** Exercise goal **
Copy exactly the lines from the one containing "Pseudokrupp (Stenosierende Laryngitis)" through the last line of the records below, including both, and leave out any pictures.

** Dataset entries **
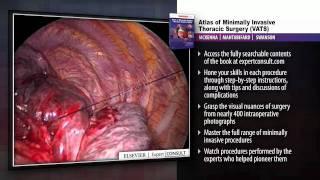 Atlas of Minimally Invasive Thoracic Surgery (VATS)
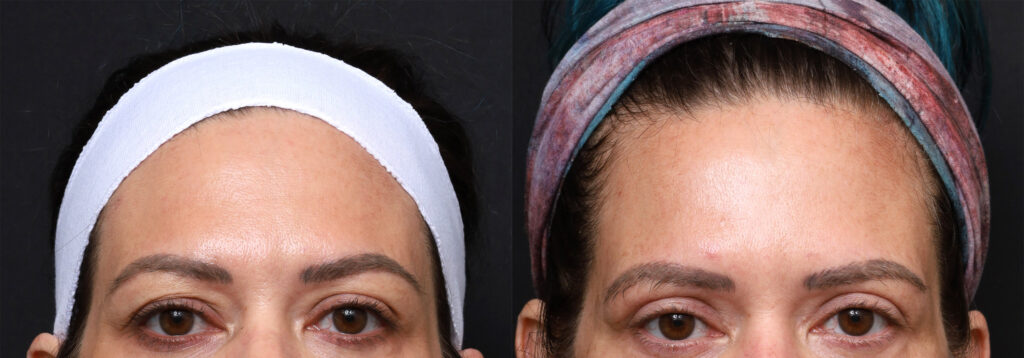 Plastic Surgery Before and After Pictures in Jacksonville, FL - Garcia Facial Plastic Surgery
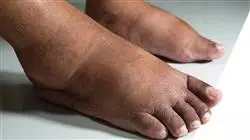 ##IMAGE##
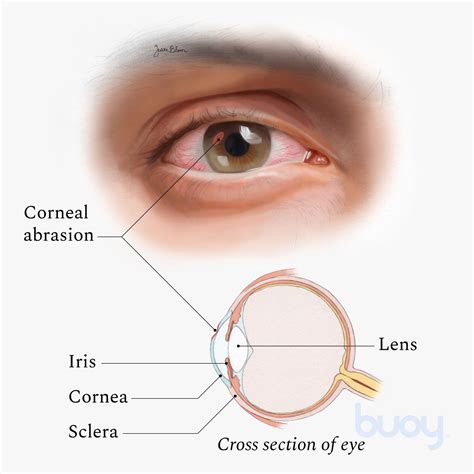 Eye Cornea Damage Symptoms - Infoupdate.org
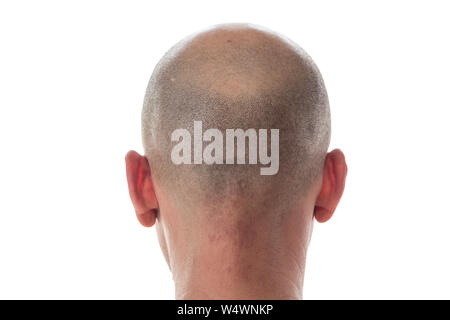 Bald Man Back View Head With Hair Loss Stock Photo 255584869 Alamy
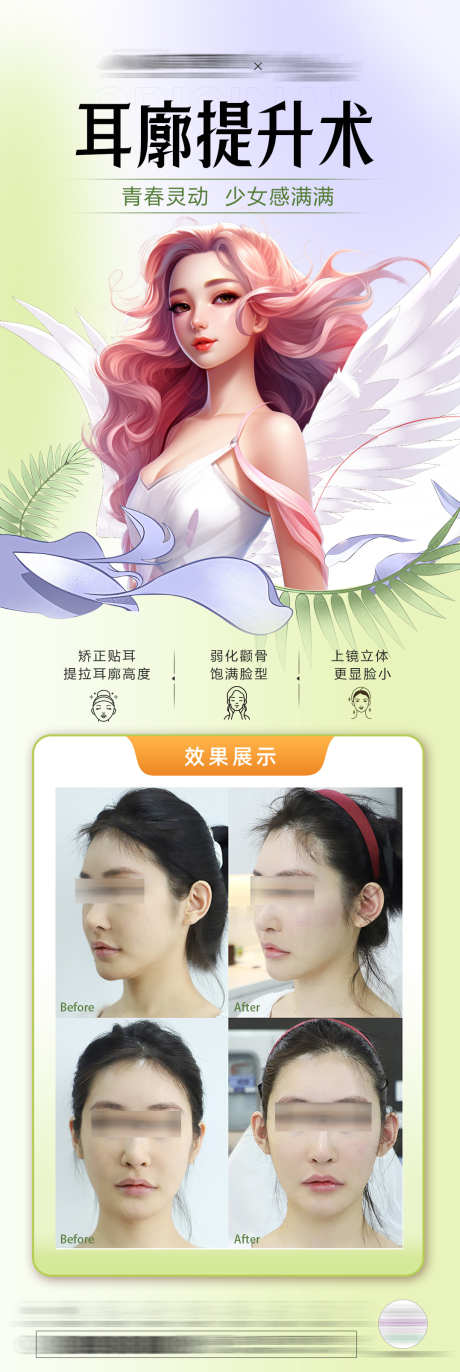 耳廓提升术海报_源文件下载_PSD格式_1077X3212像素-填充,案例,轮廓-作品编号:2025030109076111-志设-zs9.com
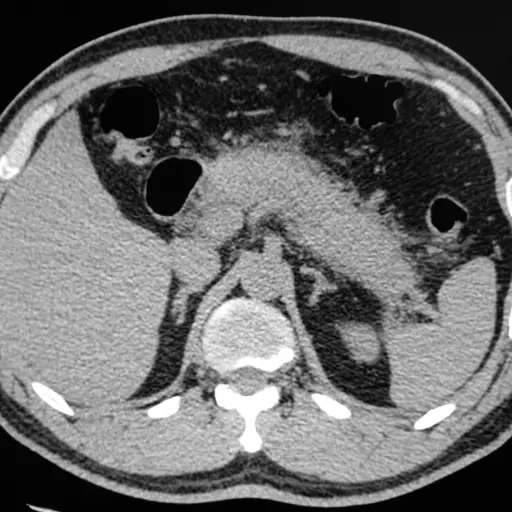急性胰腺炎CT图像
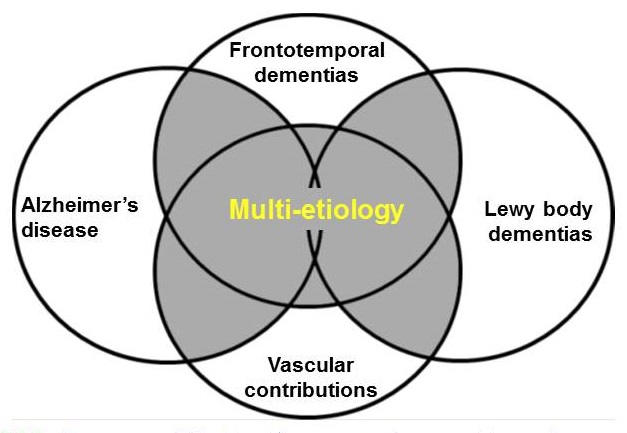 Overlapping diagram showing the intersection of Frontotemporal dementias, Alzheimer's disease, Vascular contributions and Lewy body dementias.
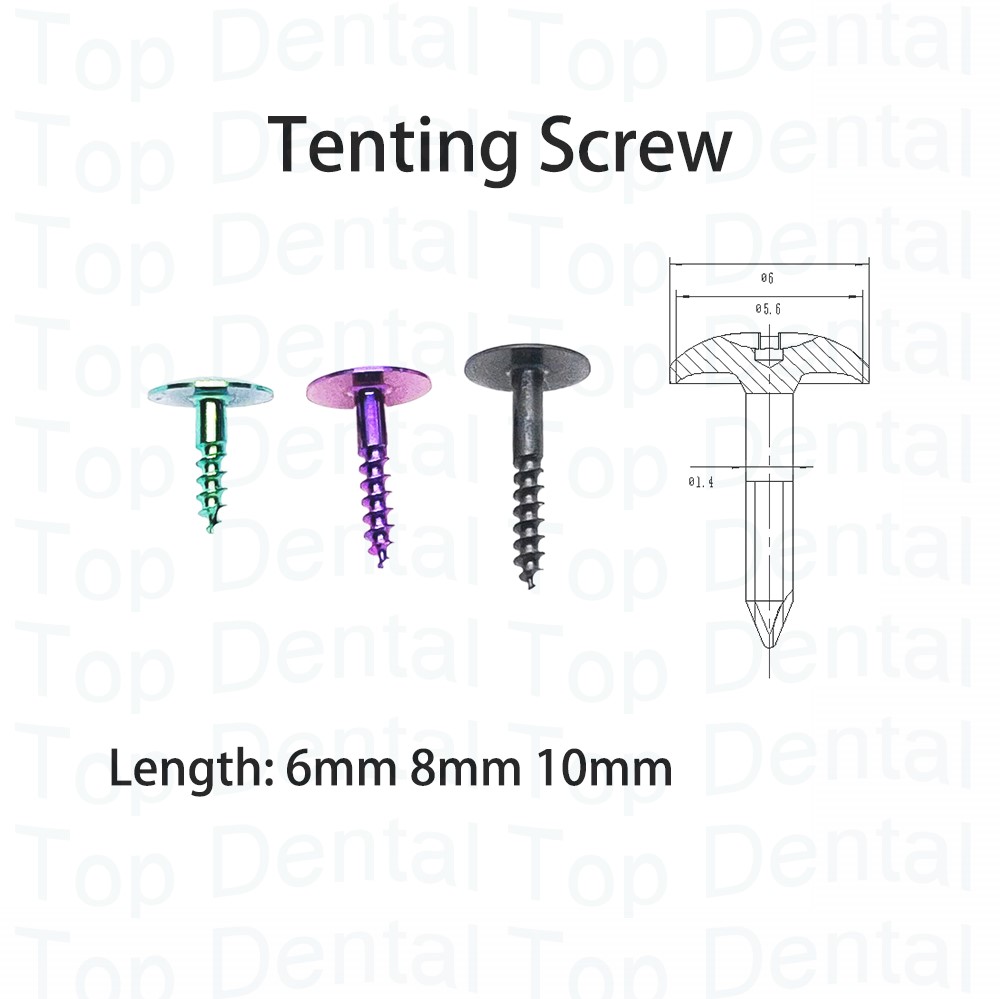 10pcs Dental GBR System Bone S - огляд і ціна Stabilizer Screw In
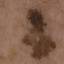 27. Signs of Melanoma Pictures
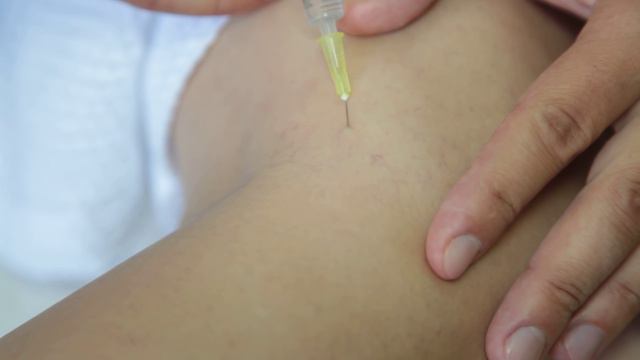 Склеротерапия вен: как это происходит смотреть онлайн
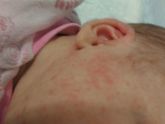 Цветение или аллергия?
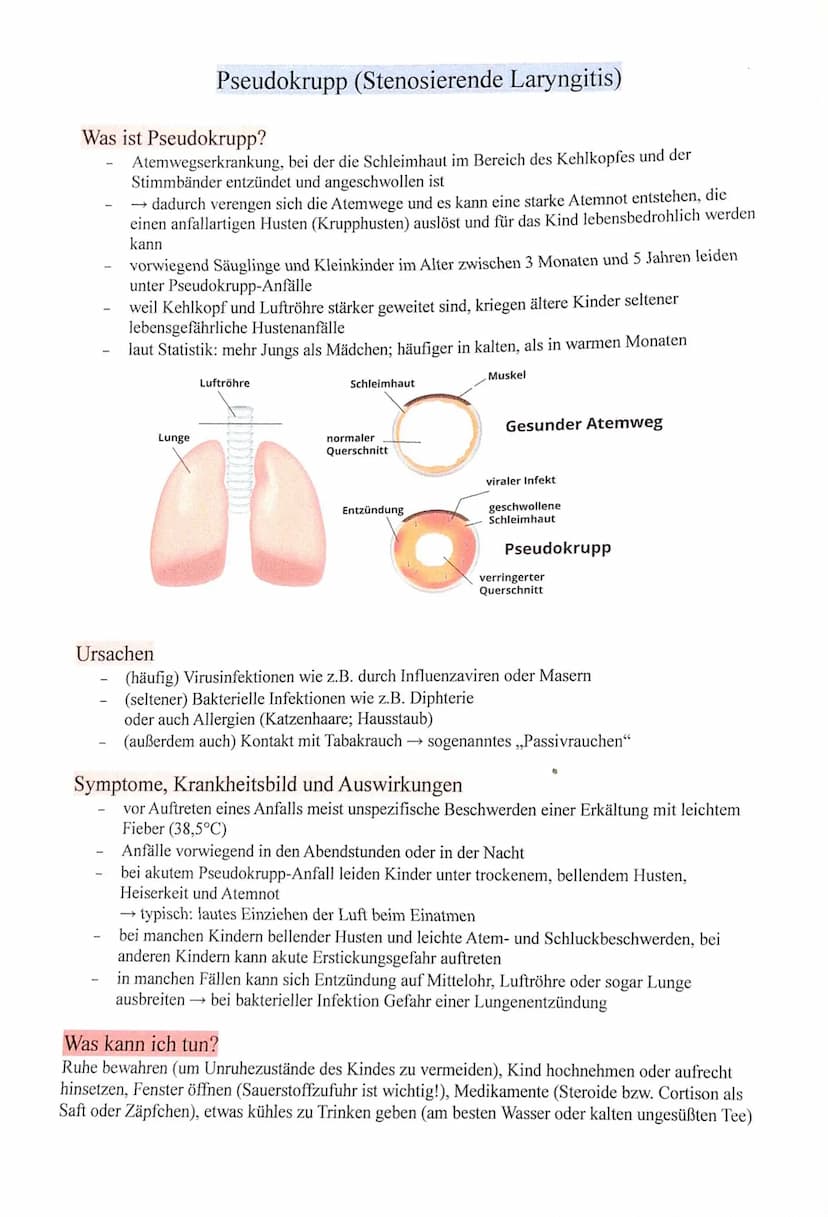 Pseudokrupp (Stenosierende Laryngitis)
Was ist Pseudokrupp?
Atemwegserkrankung, bei der die Schleimhaut im Bereich des Kehlkopfes und der
St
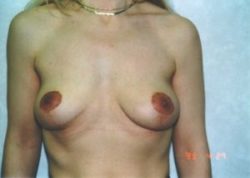 Breast Lift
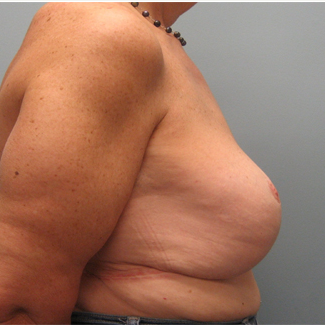 Body Lift after 3680277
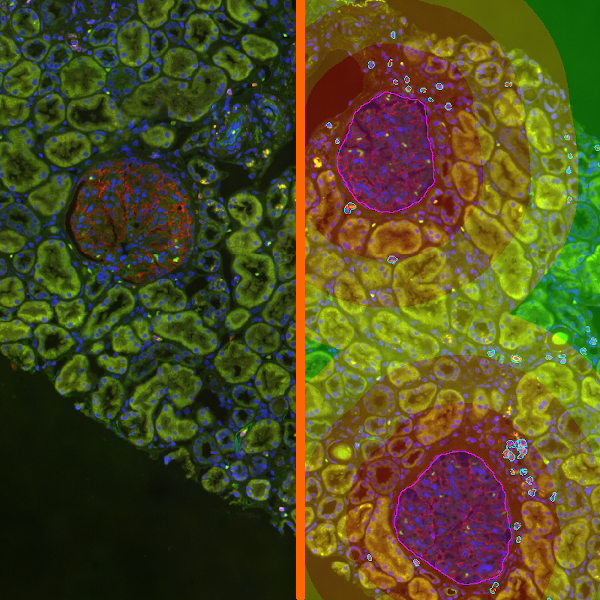 if_glomeruli_app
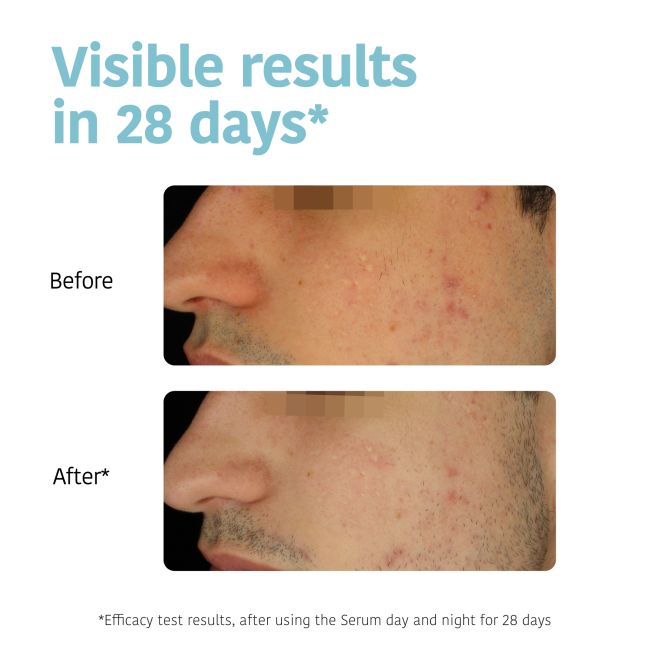 Serum zur Vorbeugung & Korrektur von Unreinheiten - Akne Iroha 30ml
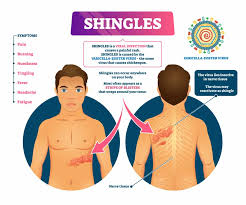 Image result for shingles
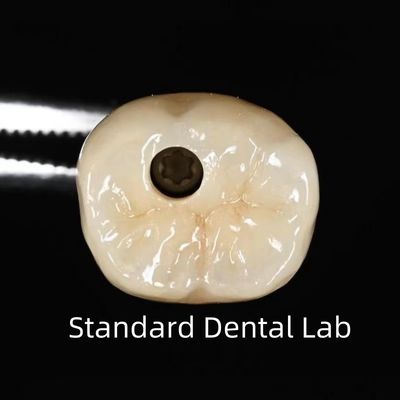 kupować Korona implantów dentystycznych z zaciskiem produkcja internetowa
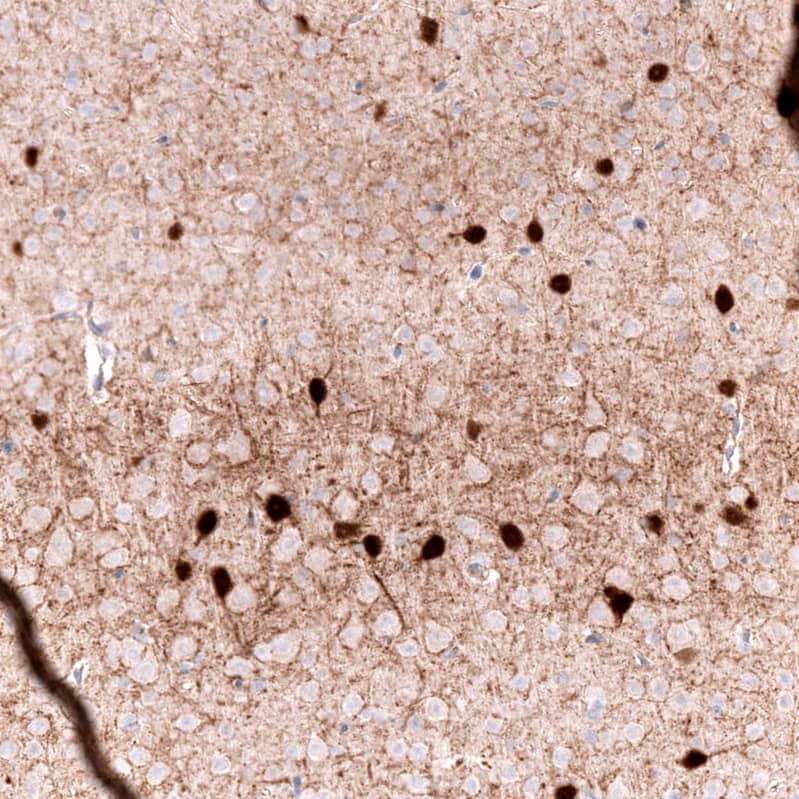 Staining of mouse cerebral cortex shows strong cytoplasmic positivity in neurons.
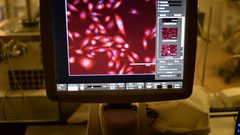 تطبيق يساعد شاب في اكتشاف اصابته بالسرطان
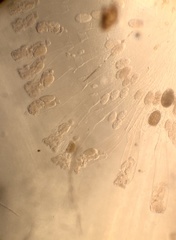 Conochilus hippocrepis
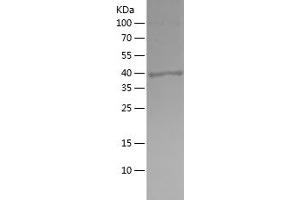 Western Blotting (WB) image for Amphiregulin (AREG) (AA 101-198) protein (His-IF2DI Tag) (ABIN7121818) (Amphiregulin Protein (AREG) (AA 101-198) (His-IF2DI Tag))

** Solution for this exercise **
 Pseudokrupp (Stenosierende Laryngitis)
Was ist Pseudokrupp?
Atemwegserkrankung, bei der die Schleimhaut im Bereich des Kehlkopfes und der
St
 Breast Lift
 Body Lift after 3680277
 if_glomeruli_app
 Serum zur Vorbeugung & Korrektur von Unreinheiten - Akne Iroha 30ml
 Image result for shingles
 kupować Korona implantów dentystycznych z zaciskiem produkcja internetowa
 Staining of mouse cerebral cortex shows strong cytoplasmic positivity in neurons.
 تطبيق يساعد شاب في اكتشاف اصابته بالسرطان
 Conochilus hippocrepis
 Western Blotting (WB) image for Amphiregulin (AREG) (AA 101-198) protein (His-IF2DI Tag) (ABIN7121818) (Amphiregulin Protein (AREG) (AA 101-198) (His-IF2DI Tag))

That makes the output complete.